Day three of the Kwanzaa celebration is all about Collective Work and Responsibility. Ujima: to build and maintain our community together and make our brother's and sister's problems our problems and to solve them together. It is symbolized by the adinkra symbol called the Akoma Ntoaso and is literally the symbol of shared effort and obligation. A Swahili name, with a Ghanian icon. In the ways that Kwanzaa can be opaque in the why of its collaging of many African continental cultures, it’s also a wonderful confluence of histories that can compel those of us in the diaspora to look deeper into the cosmographies that ruled a large portion of the earth’s population before European empire building (aka the deliberate dismantling of indigenous culture). I can see how this ideology became a tenant of Kwanzaa, the work that the Black Panther Party did was grassroots, in many ways the Party systematized and organized the values that were and had been enacted by chosen families in the Black community for hundreds of years in the Americas (shelter, feeding, and protecting those amongst us).

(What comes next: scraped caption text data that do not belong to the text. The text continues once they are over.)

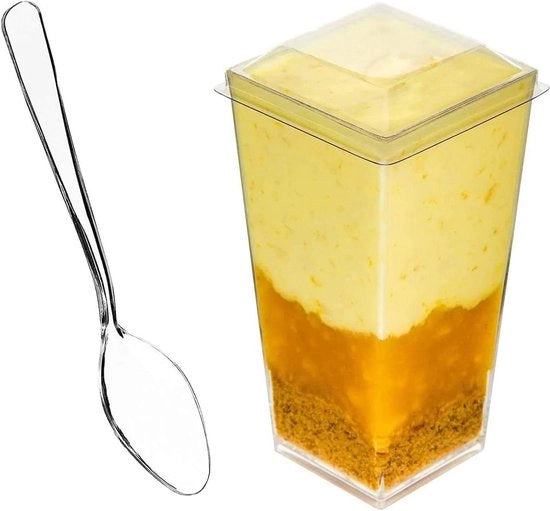 Mini portate dessert 3 oz con cucchiai e coperchi - Forma quadrata Alta - Bicchieri di plastica trasparenti per dessert - Piatti da portata riciclabili - Dessert per feste antipasti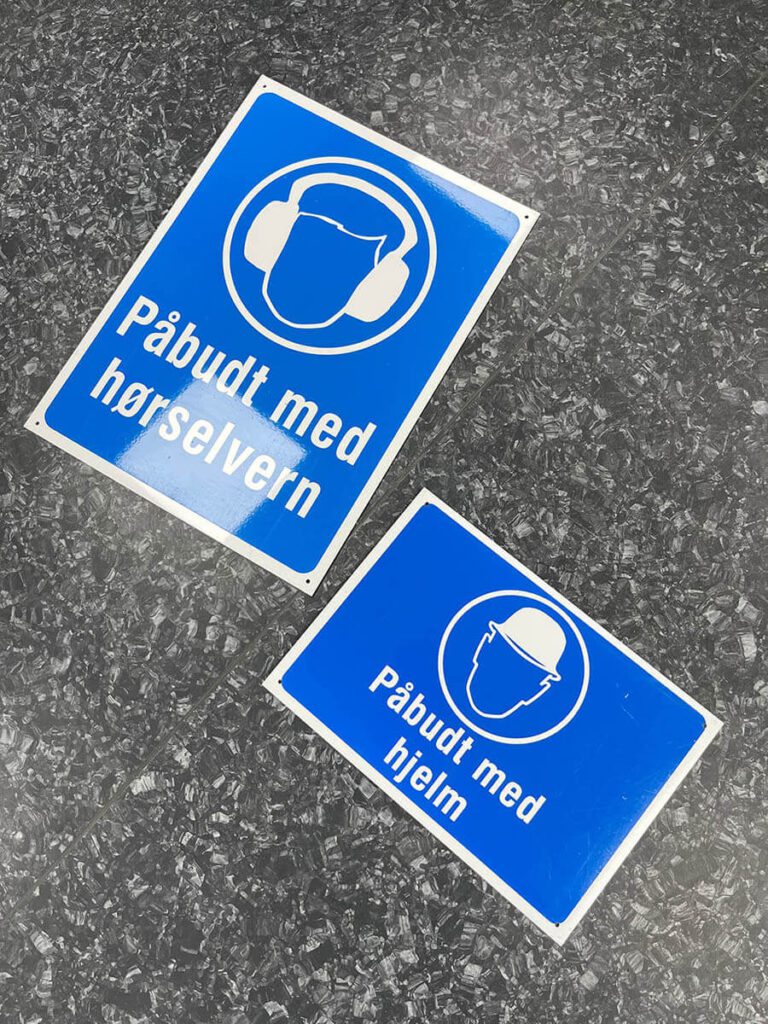 Blå plateskilt for påbud om hørselvern.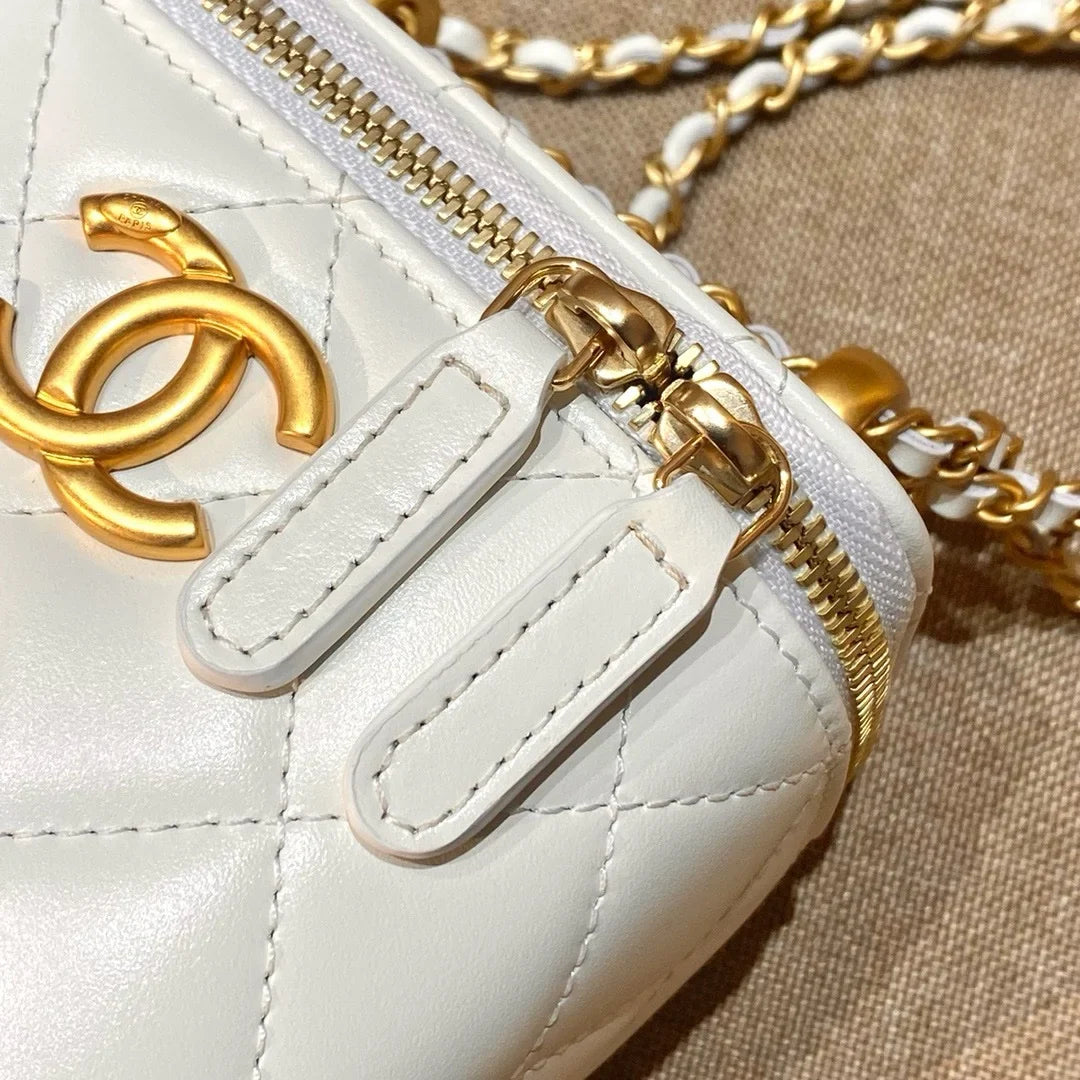 Chanel 21A Dana Derisi Perfect Fit Mini Vanity - Glimmer of Luxury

In a 1970 speech, Huey P .Newton, cofounder of the Black Panther Party, the association Kwanzaa founder Karenga was tied to (and ultimately betrayed), was then formalized as “A Letter from Huey to the Revolutionary Brothers and Sisters About the Women’s Liberation and Gay Liberation Movements,” he states: “We haven't said much about the homosexual at all but we must relate to the homosexual movement because it's a real thing. I know through reading, and through my life experience, my observations, that homosexuals are not given freedom and liberty by anyone in this society. Maybe they might be the most oppressed people in this society.” Ronald K. Porter, in the scholarly essay “A Rainbow in Black: The Gay Politics of The Black Panther Party,” writes; the relative dearth of information on this text within black study circles and the passing glance by the LGBTQ historians unfortunately works to obscure not only the historical and theoretical tensions that led to the letter’s creation and the response from the Panthers themselves, but also the pedagogical implications of this story. In other words, the story of how Newton and some Panther members critiqued status quo homophobia raises questions regarding how social movements operates as educative spaces, in which participants develop new understandings of their social conditions and new tactics of agitation. This interrogation, that Angela Y. Davis described as a certain kind of attentiveness to…intersectionality has been conveniently omitted from the many people who work to keep the efforts of that critical time of Black nationalism alive.
I was today years old when I discovered this letter and its subsequent critique, and I’m sharing it today in part for myself but to illuminate how there is so much room for more collective work and responsibility. Our community can benefit from knowing that there was an intentional effort amongst the ranks of the Black Panther Party to begin to dismantle the harmful cultures of homophobia and sexism. They were beginning to examine masculinity, and perhaps the connections of patriarchal violence and systemic white supremacy. In the many waves of Black nationalism that have followed since that little known speech, there has been little done to connect the oppressive realities of those of us who are Black and…(anything but hetero-able-bodied-cis-men) in the mainstream context of that conversation. What would life look like for Trans and Queer folks and for women during the early days of the HIV/AIDS epidemic, and the war on drugs, if there was a move towards intersectional unity amongst Black folks? How would we approach the murder of Transmen and women if we had begun to cultivate a sense of responsibility for all the people in our communities?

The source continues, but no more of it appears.